The corridors got darker the further west they moved.
A door opened on her right. She turned, blade up, but the man was already inside her guard. His hand caught her wrist, twisting the sword out of her grip, a blade pressed to her throat from behind.
Nicholas killed him before she had time to be afraid.
He looked at her.
"Thank you." She flashed a grin. "I had it handled though."
"Handled," he repeated. "Your sword was on the floor."
"Momentum. Part of the plan, Nicholas."
She picked up her sword and kept walking. There was nothing else to comment on. He killed someone who grabbed her. That was the factual sequence of events with no subtext.
✦✦✦
Fifteen corridors. A hundred civilians. One hour.
Nicholas stopped being a foreign king at one point and became something worse. Indispensable.
He hadn’t caught his men’s scents or Maddox’s, which could only mean a few things. Best case they were defending the castle outside. Likely case, they were being held hostage. Worst case, they were dead.
"Guinevere, can you feel Maddox through your matebond?" The question tasted like ash in his mouth, but he needed the information.
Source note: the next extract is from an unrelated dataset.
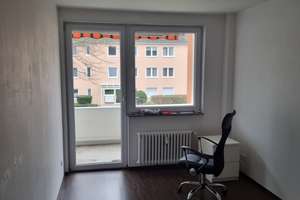 Schöne 4-Zimmer-Wohnung mit Balkon, Einbauküche & Teilmöblierung in Bonn-Duisdorf – Karl-Leisner-Straße 5, 53123 Duisdorf, Bonn – Vorschaubild 3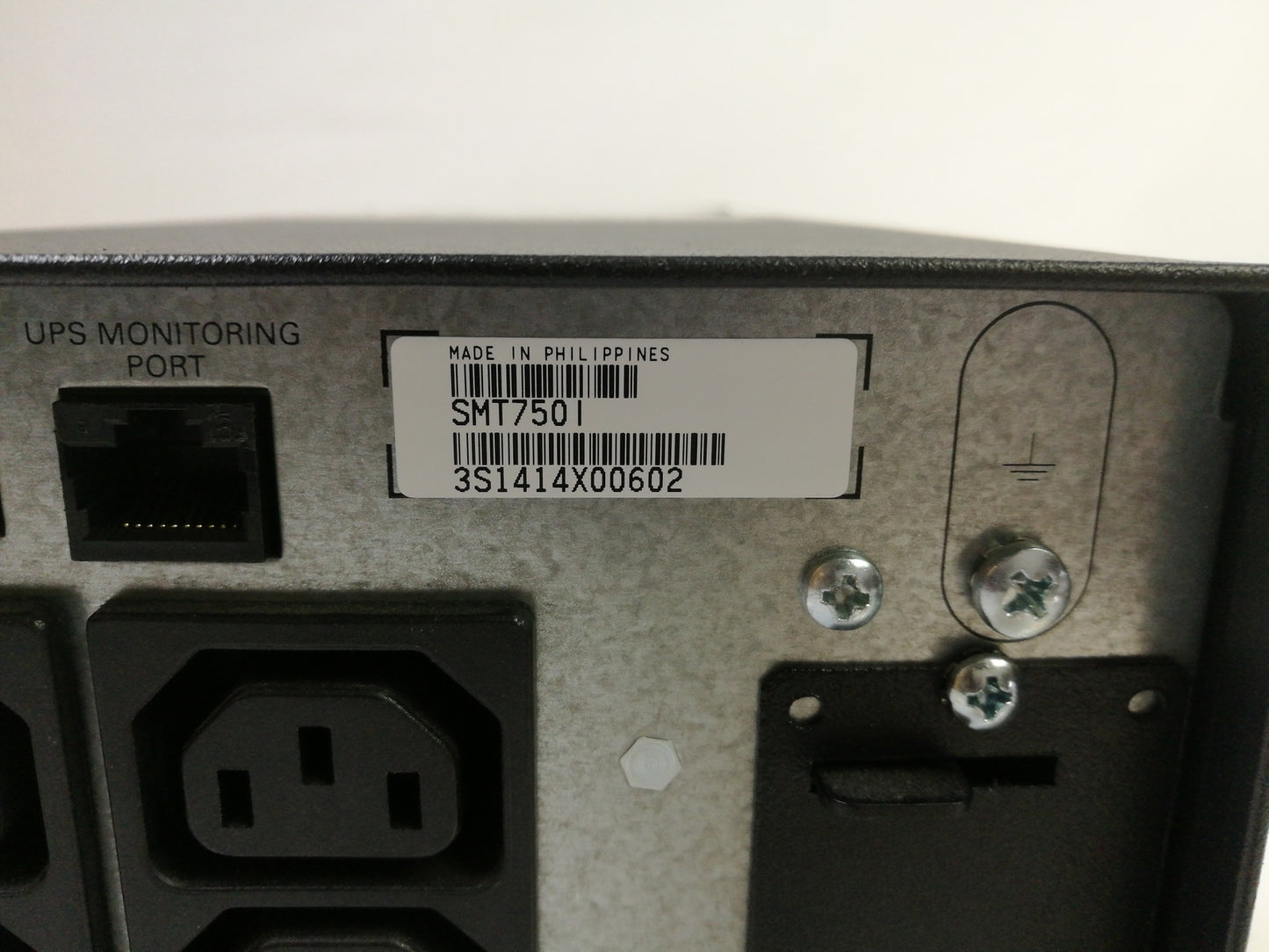 APC SMT750IC Smart-UPS 750VA LCD 230V With APC SmartConnect - No Batteries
Her sadness washed into him, making his wolf howl. That same sadness that kept coming in waves.
"N-no," she answered. "I haven’t been able to feel him all night."
Nicholas paused. It dawned on him that dragon matebonds might be different from wolves. The woman in front of him would be the only person who would know for sure. But he would never ask because they both were not acknowledging the giant elephant in the room. It was working surprisingly well.
"Maddox mentioned that he couldn’t feel you, when you were in the jungle. It’s probably whatever they are doing to the wards," Nicholas said.
The relief that flooded into him through their matebond at those words was layered and he couldn’t untangle it fully. It was almost like she was relieved Maddox wasn’t blocking her on purpose. But that wouldn’t make any sense.
Her face gave nothing away.
"What are you thinking?" he asked.
She lifted her chin and inhaled. "The wolves are closer. I can smell the masking agent. Ashwood and blacksalt."
Nicholas blinked. He was expecting an answer that had to do with her feelings but instead got an identification of a military compound.
"Do you think it’s your father’s men?"
A loaded question.
"That practice isn’t just Lunaris." She met his eyes. "But you already knew that."
"That I did."
"So you were testing if I knew that."
"I was." Nicholas looked at her without apology. He was starting to wonder if there was a test she wouldn’t pass.
His wolf said mate again. Of course he did. He had the vocabulary of a parrot and the persistence of gravity.
Nicholas told his wolf to shut up. His wolf doubled down. He shut his eyes for half a second. The beast had never been this loud. freёwebnoѵel.com
It wasn’t asking anymore. It was warning him what would happen if he kept pretending she wasn’t already his.
He couldn’t shift with whatever wards were up, but his wolf kept trying to take over.
"N-Nicholas?"
When he opened his eyes, she was watching him with concern. Except her eyes were not green. They were gold. He could feel her wolf reaching for his like gravity.
They were supposed to be mates. Hers was made for his and he knew it.
His wolf surged harder, taking control. He gasped, falling to his hands and knees.
"Guinevere, run ahead," he grunted. "I’ll catch up."
Her scent was making it harder to take back control.
She knelt beside him, not understanding. When she spoke, her voice was no longer singular, her wolf surging to meet his. And he could tell she had no idea.
"I am not leaving you. Are you hurt?"
Nicholas shut his eyes, but it was too late.
He pounced on her, body caging hers to the ground, nose buried in her hair as he inhaled her scent like a dying man.